A REINFORCEMENT LEARNING-BASED NEURAL CIRCUIT MODEL OF SCHIZOPHRENIA: PREFRONTAL EXCITATION/INHIBITION IMBALANCE DEGRADES AND REVERSES FEEDBACK ALIGNMENT IN THE BASAL GANGLIA-MIDBRAIN CIRCUIT

Schizophrenia has positive, negative, and cognitive symptoms, characterized by impairments in credit assignment, motivational control, and working memory, respectively. Regarding the causes, dopamine and glutamate abnormalities in the cortico-basal ganglia (BG)-midbrain circuits and prefrontal excitation/inhibition imbalance have been suggested. We present a model, which could explain such diverse symptoms and causes, by elaborating reinforcement learning-based models of the cortico-BG-midbrain circuits. Standard models describe that state value can be learned through reward-prediction-error (RPE) encoded by dopamine, but cannot explain (i) formation of context-dependent appropriate state representation and (ii) reward-specific motivational control.
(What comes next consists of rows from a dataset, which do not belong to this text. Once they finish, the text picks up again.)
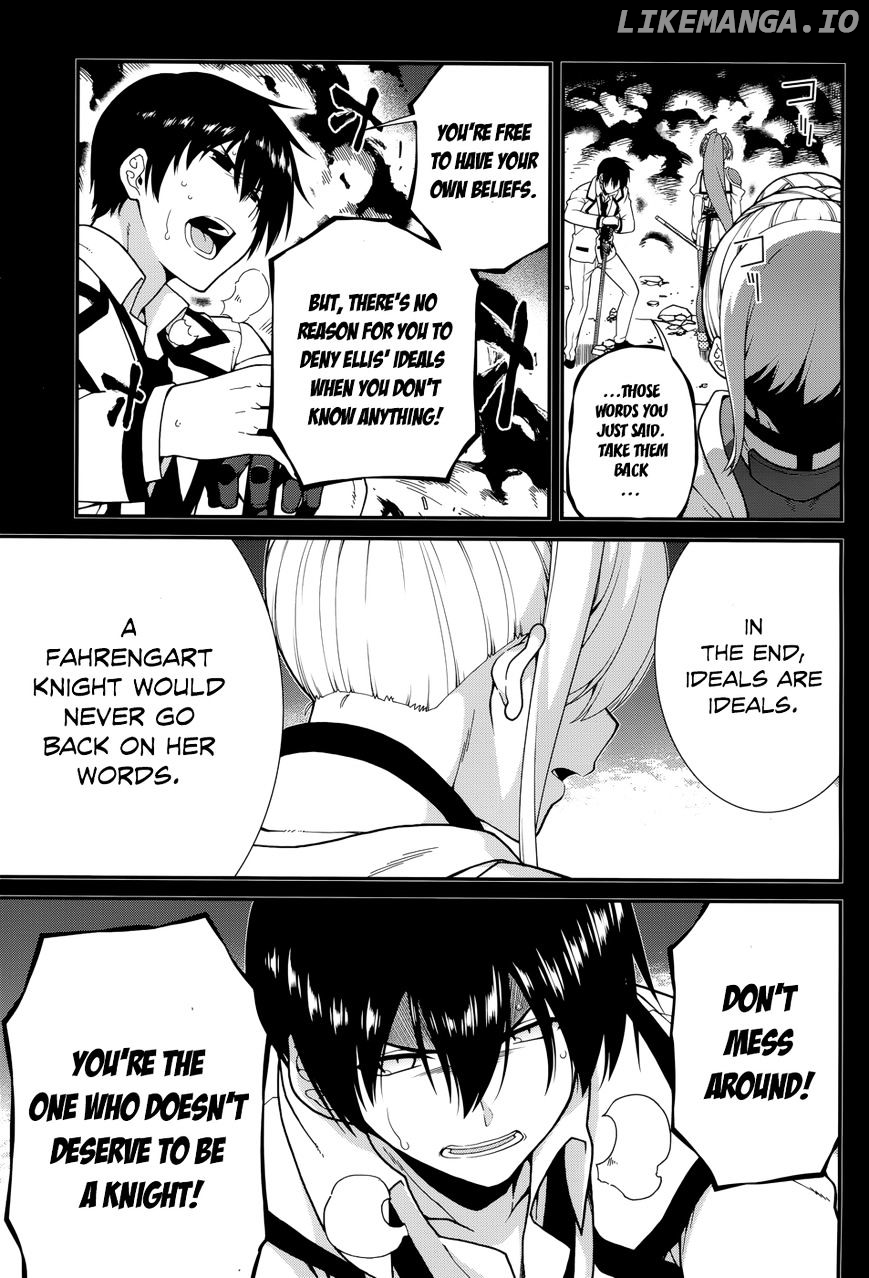 Seirei Tsukai no Kenbu (HYOUJU Issei) chapter 37 - page 8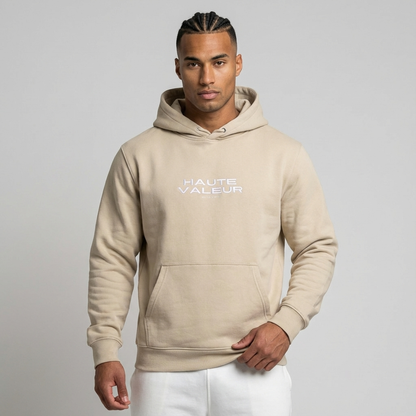 Hoodie AUDACE - Beige Désert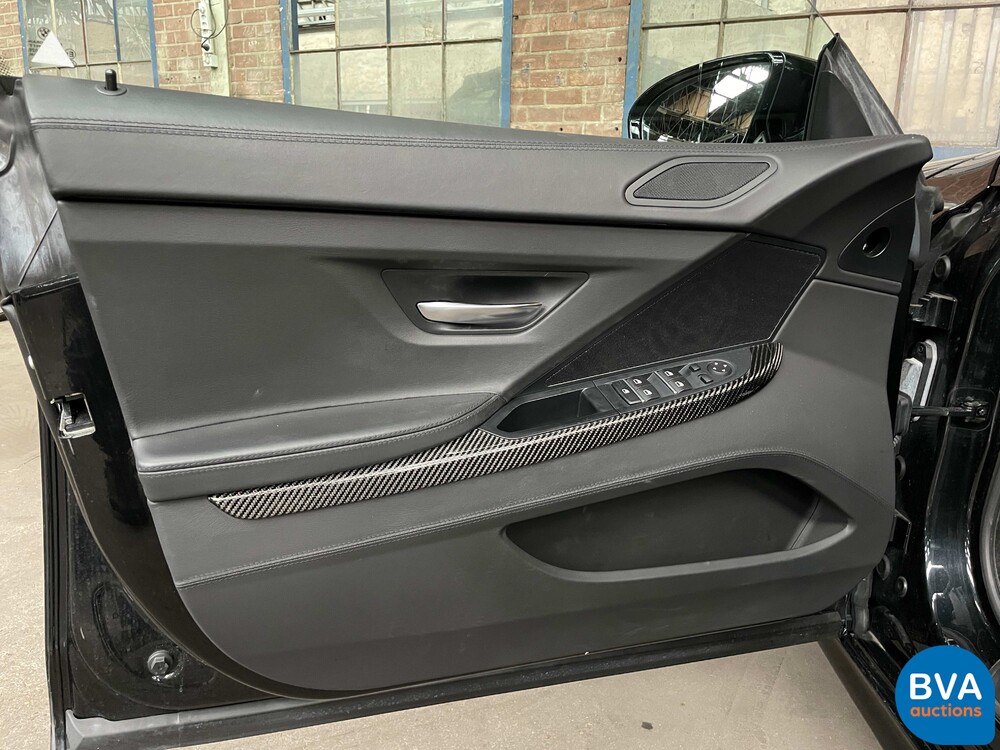 BMW M6 Gran Coupé 4.4 V8 560PS 2013 -Org. NL-6-Serie, 6-KKH-91.
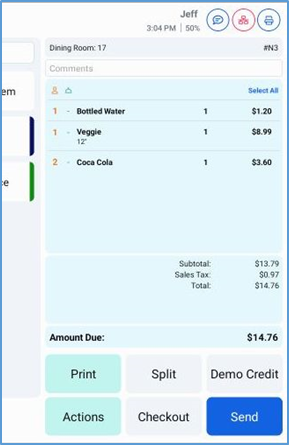 Split By Seat — creating tabs for each seat number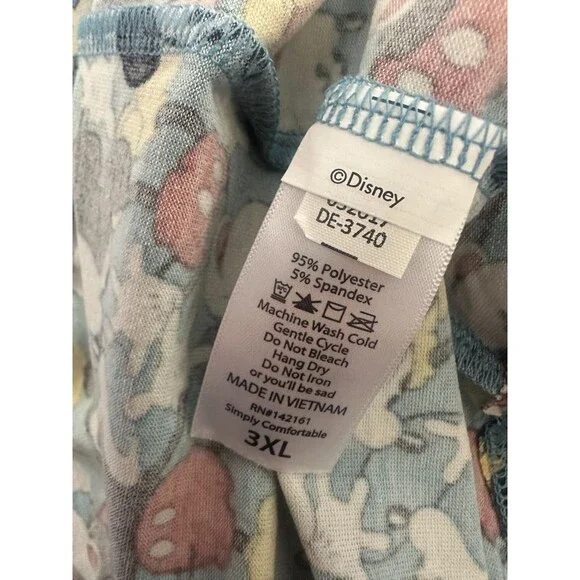 NWT LulaRoe x Disney Mickey Mouse Irma Tunic Top Short Sleeve Plus Size 3XL - Picture 13 of 15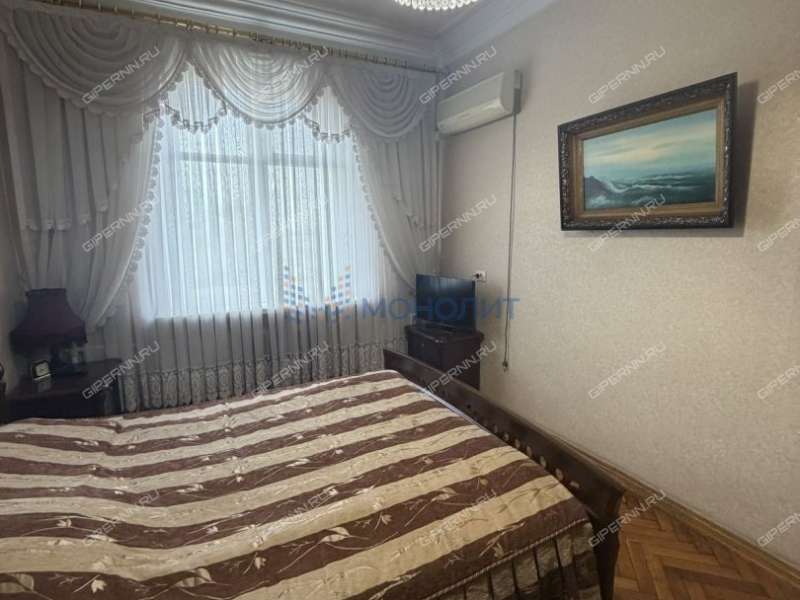 трёхкомнатная квартира на проспекте Ленина дом 72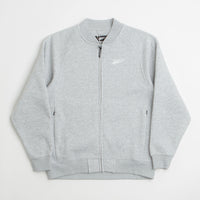 Pasteelo Zip Up Trainer Sweatshirt - Heather Grey thumbnail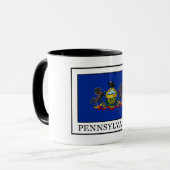 Pennsylvania Mok (Voorkant links)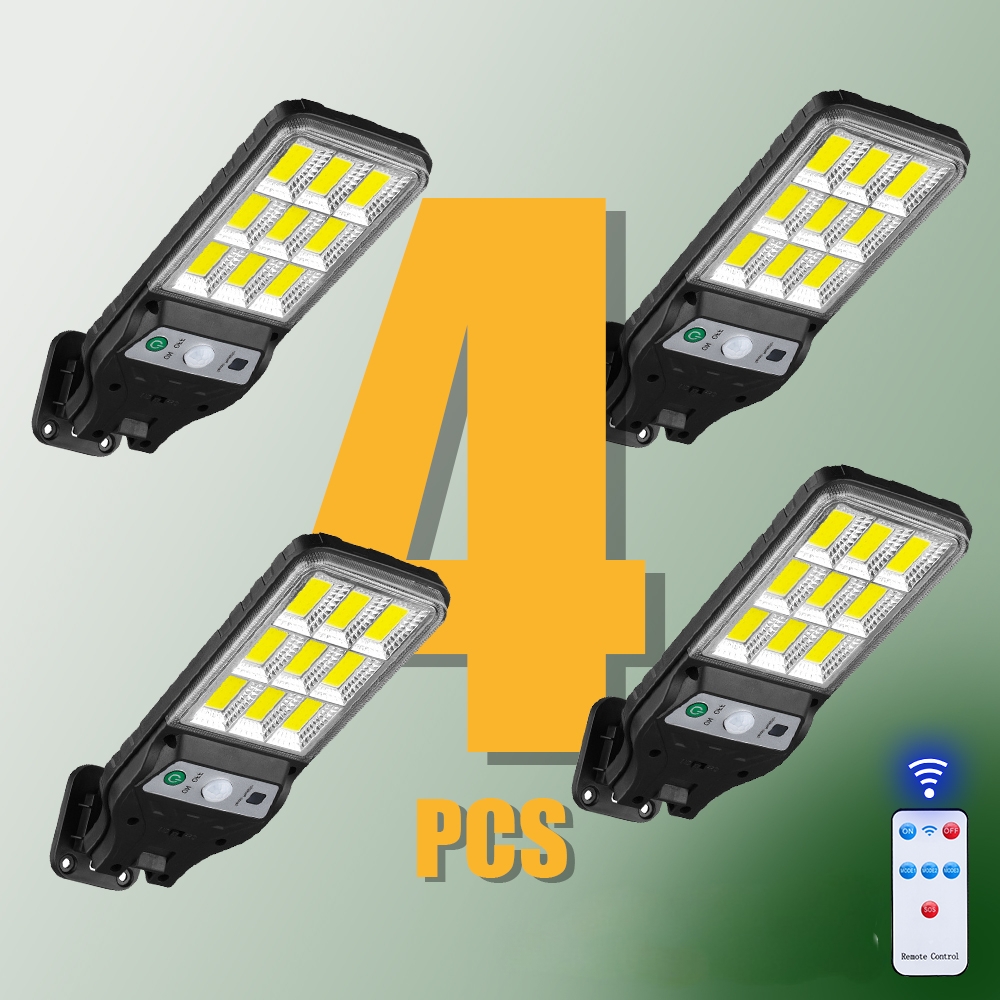 Outdoor Power Garage - Potente lámpara LED Solar para exteriores,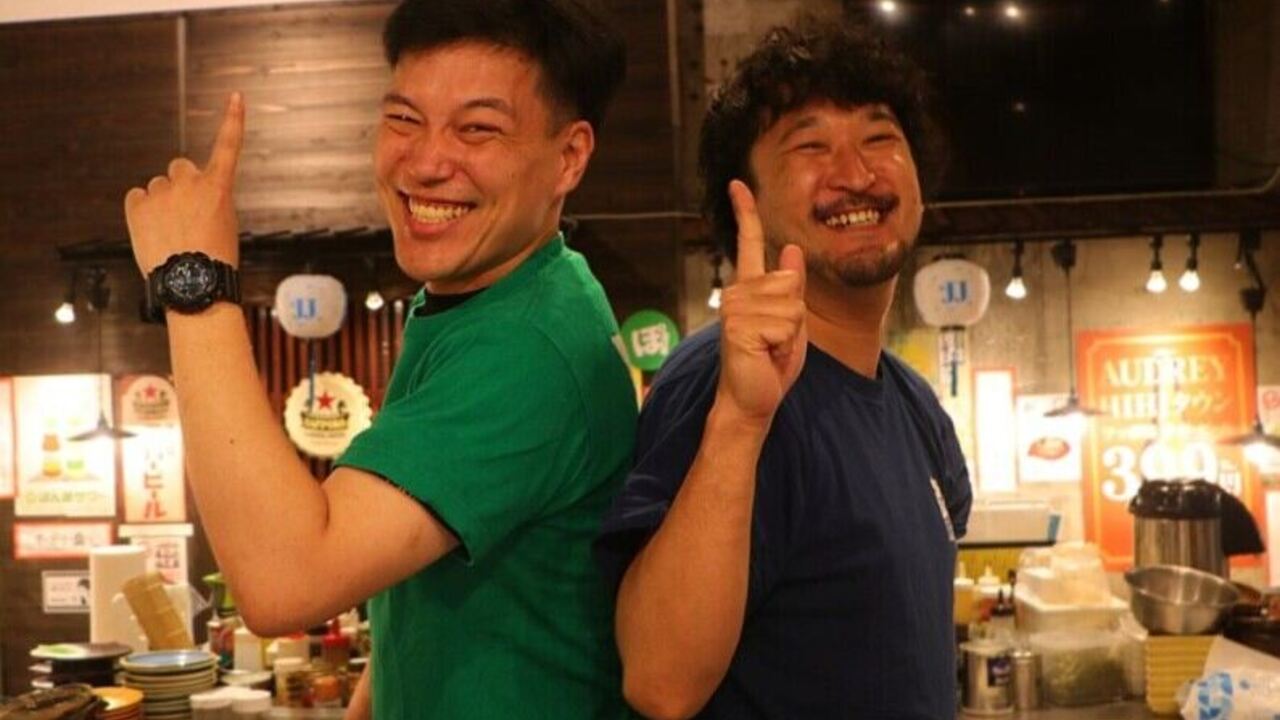 サカグラ|レストランサービス・ホールスタッフの求人画像1枚目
For (i), our recent work (Tsurumi et al. 2025 eLife) showed that training of prefrontal recurrent network by RPE enabled learning of appropriate state representation through Feedback-Alignment (FA) (Lillicrap et al. 2016 NatCommun: a bio-plausible alternative to the Back-Propagation algorithm) of cortico-BG-midbrain connections. For (ii), Millidge and colleagues (2024 PLoSComputBiol) showed that training of BG-midbrain by multi-dimensional RPE enabled reward-specific motivational control though BG-midbrain FA. We integrate these two models and show that learning of appropriate state representation and reward-specific motivational control can be simultaneously achieved through 'double FAs'. Crucially, prefrontal excitation/inhibition balance is a key for successful learning: excessive excitation induces aberrant persistent activity, which degrades FA in BG-midbrain and even reverses it into anti-alignment. This impairs reward-specific motivational control, and further, credit assignment, explaining the schizophrenia's negative and positive symptoms, respectively, while aberrant persistent activity itself could explain cognitive (working memory) impairments. Our model (Morita & Kumar, 2025 bioRxiv) could potentially explain reported altered brain activations in patients.